DME may be used in a variety of data quality initiatives – ranging from data migration to mergers & acquisitions, data integration and consolidation to data cleaning and standardization. The solution allows business users to transform data and make it usable within weeks instead of months or years. In an age where real-time data accessibility is the demand, organizations cannot afford to wait months to clean and match this data.
Additionally, users can also experience:
An on-premises platform that can be used on the cloud, servers, and the desktop.
A CASS-certified Address Verification system that gives the user flexibility to add government databases and dictionaries for address verification.
Integration of structured and semi-structured data from multiple sources.
A strong Master Data Management (MDM) foundation.
With data quality projects of government institutions and Fortune 500 companies that involve millions of data records in multiple data structures, Data Ladder’s solution is designed to handle complex data and high volumes of transactions – rapidly and efficiently.
DME will allow your company’s organization resources to focus on high-value jobs where they will implement data quality standards through strategic decision-making – all while significantly reducing operational costs.
Data Ladder’s Solution in Action – Case Study: Amec Wheeler, Mastering and Maintaining Data Quality
Company Profile
Wood Group has combined with Amec Foster Wheeler to form a new global leader in the delivery of project, engineering, and technical services to energy and industrial markets.
Business Situation
In a merger and acquisition process, Wood Group acquired Amec Wheeler in 2017. The merger propagated the urgent need for improving data quality and accuracy.
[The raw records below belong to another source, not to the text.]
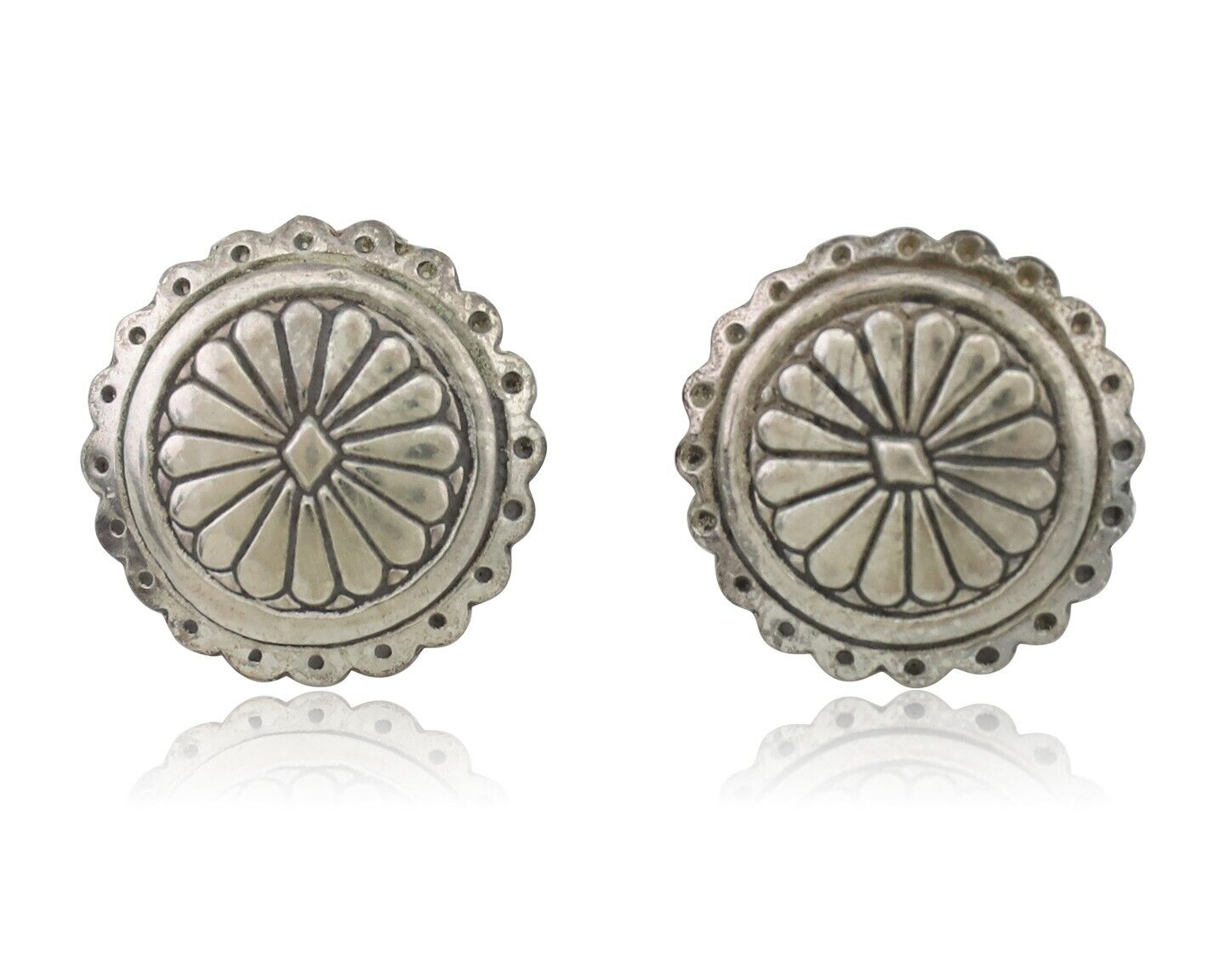 Navajo Small Shield Earrings 925 Silver Native American Artist C.80's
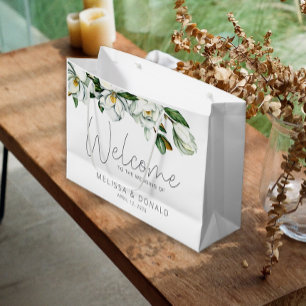 Grand Sac Cadeau Magnolia Blanc Rustique Fleurs Bienvenue Mariage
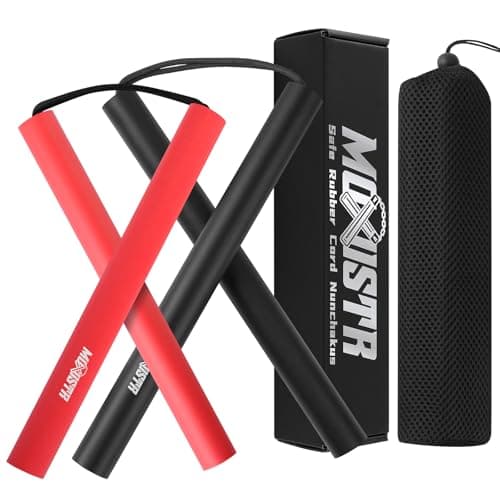 MOXIISTR Safe Foam Rubber Cord Nunchakus Karate Nunchucks Upgraded for Beginners Practice and Training 2 Pack (Long Black-Short Red) - Image 1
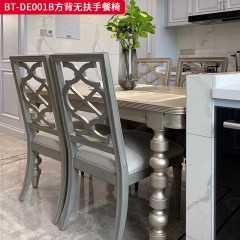 【精品】千匠一品 美式风格 橡胶木+素色棉麻布 时尚大气餐椅BT-DE001-L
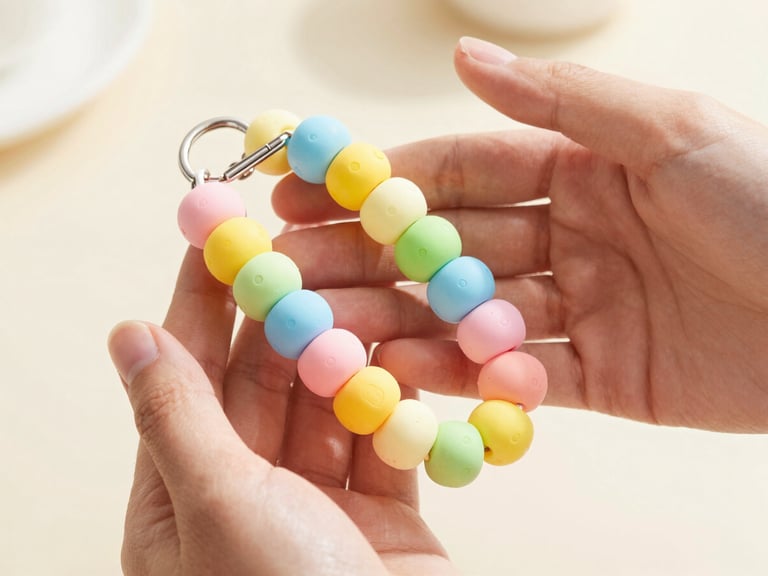 Close-up of hands gently holding a vibrant, candy-colored silicone bead keychain wristlet, soft natural daylight emphasizing the tactile squish, shallow depth of field, clean background.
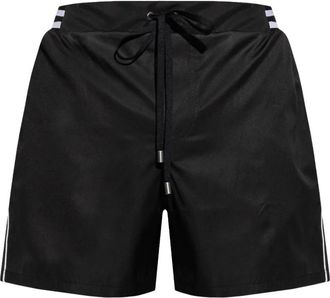 Balmain Beachwear, male, Black, S, Black Swim Shorts with Striped Waistband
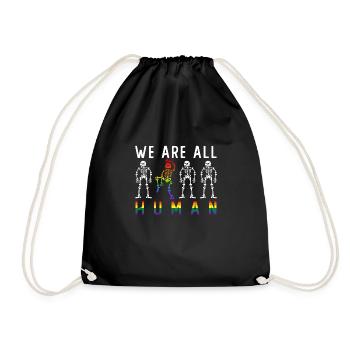 We Are All Human - Turnbeutel - Schwarz - Vorne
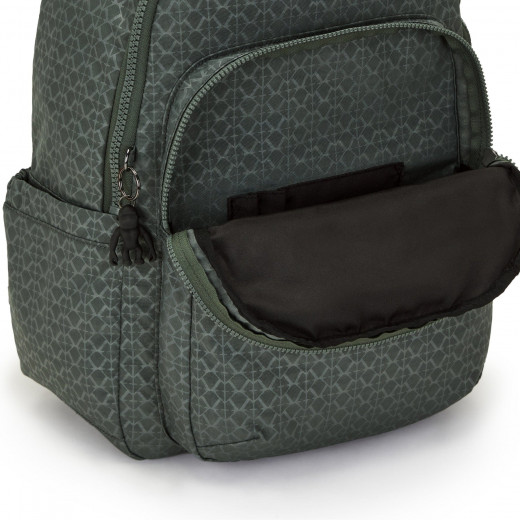 Kipling Seoul Backpack With Padded Laptop Sign Green Embosse, Large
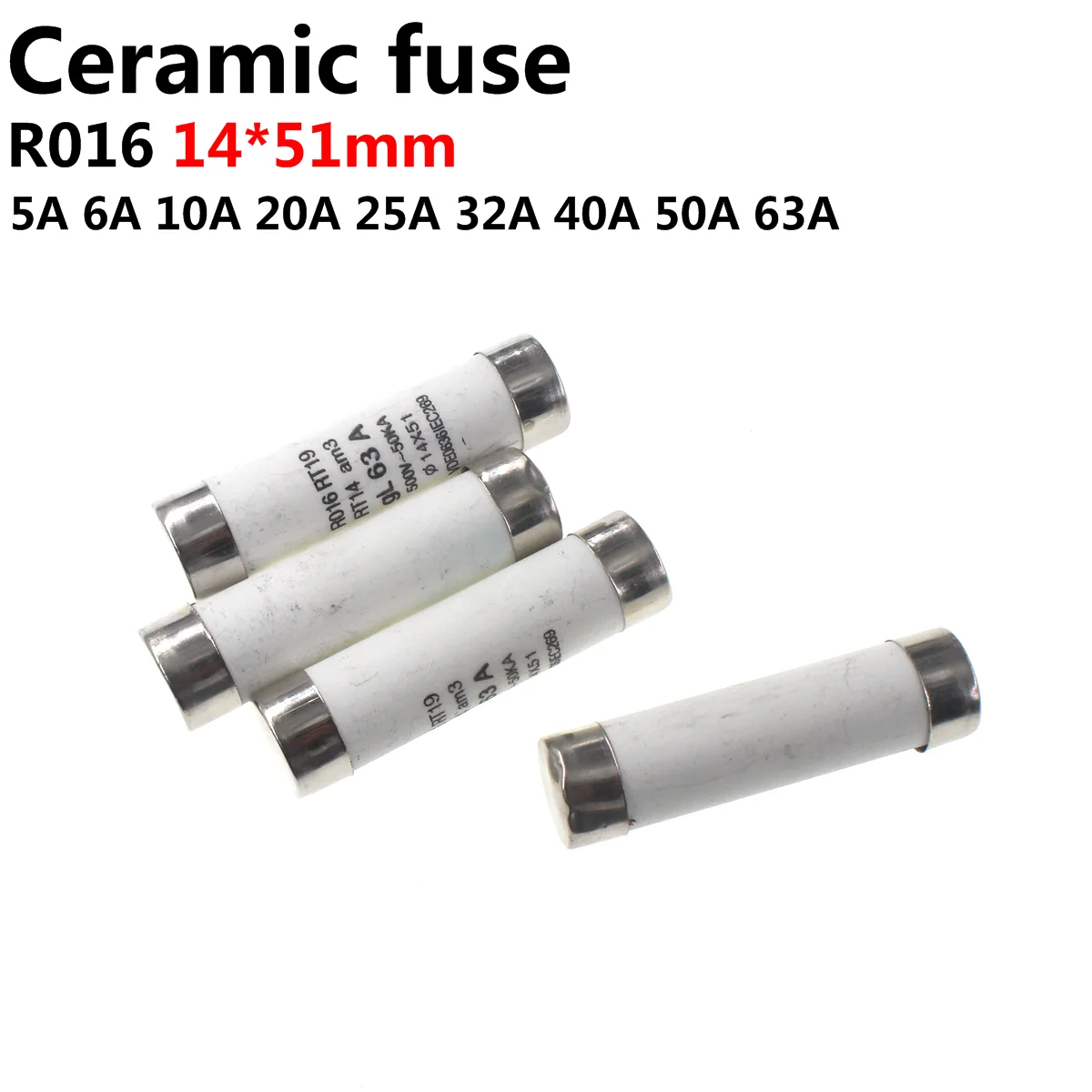 10PCS Long Cover 14X51 Ceramic Fuse 5A 6A 10A 16A 20A 25A 32A 40A 50A 63A Fusible Enlace For RT18 R016 14*51 Fuse Core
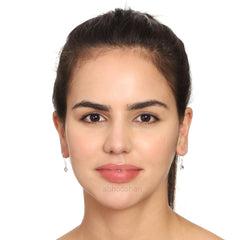Pair of Round shape CZ Earring in 925 Silver Ear Wire (White)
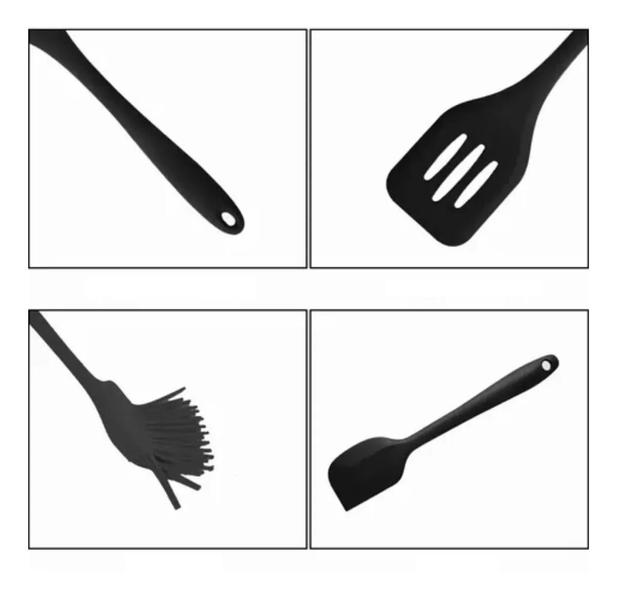 Kit Utensílios Silicone Cozinha 5 Peças - Shopmix Imagem de Kit Utensílios Silicone Cozinha 5 Peças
With the increasing demands of the environmental engineering industry, the company was in strong need of streamlining its business processes for the upcoming influx of projects and human resources tasks. The company was in the process of migrating to a new finance and HR system and knew the quality of their data needed improvement before going to the next important step.
Solution
Using DataMatch™, Data Ladder’s flagship data software, the company was able to manage its deduplication efforts. With the large task of migrating all of their existing financial and human resources information to a new system, they also plan to use DataMatch™ to clean and repopulate their systems. In the past, managing vast amounts of data was a challenging and costly process, and strained the companies’ IT resources. The firms identified the need for a robust data quality solution that could help them do the following without increasing costs:
Keep the data accurate.
Maintain a high level of data quality needed to migrate into their new financial and HR system.
Speed up the deduplication process.
Implement an automated data-cleaning process.
Results
Data Ladder’s technology allowed Wood Group and Amec Wheeler’s IT team to achieve:
Maintain a high level of data quality needed to migrate into their new financial and HR systems.
Speed up the process of deduplication through fuzzy matching algorithms. It took the company just three weeks to match and clean millions of customer data.
Consolidation of disparate data sources into a unified source of truth.
Conclusion
To remain competitive & be ahead of the curve, businesses must ensure their data assets follow the tenants of data quality standards. The data must be complete, valid, accurate, and up-to-date to be of use to the organization.
By proactively identifying and working on data quality, organizations can take immediate action to stem and remedy data quality issues. Unlike yesteryears, today, organizations have the benefit of using powerful ML-based automated tools to keep their data quality clean, reliable, and usable.
Data Ladder enables organizations of all sizes to efficiently and cost-effectively manage their quality for greater business success, growth, compliance, and improved business performance.
Essentially then, the true essence of transformation is not systems, but data, which is the soul of a system.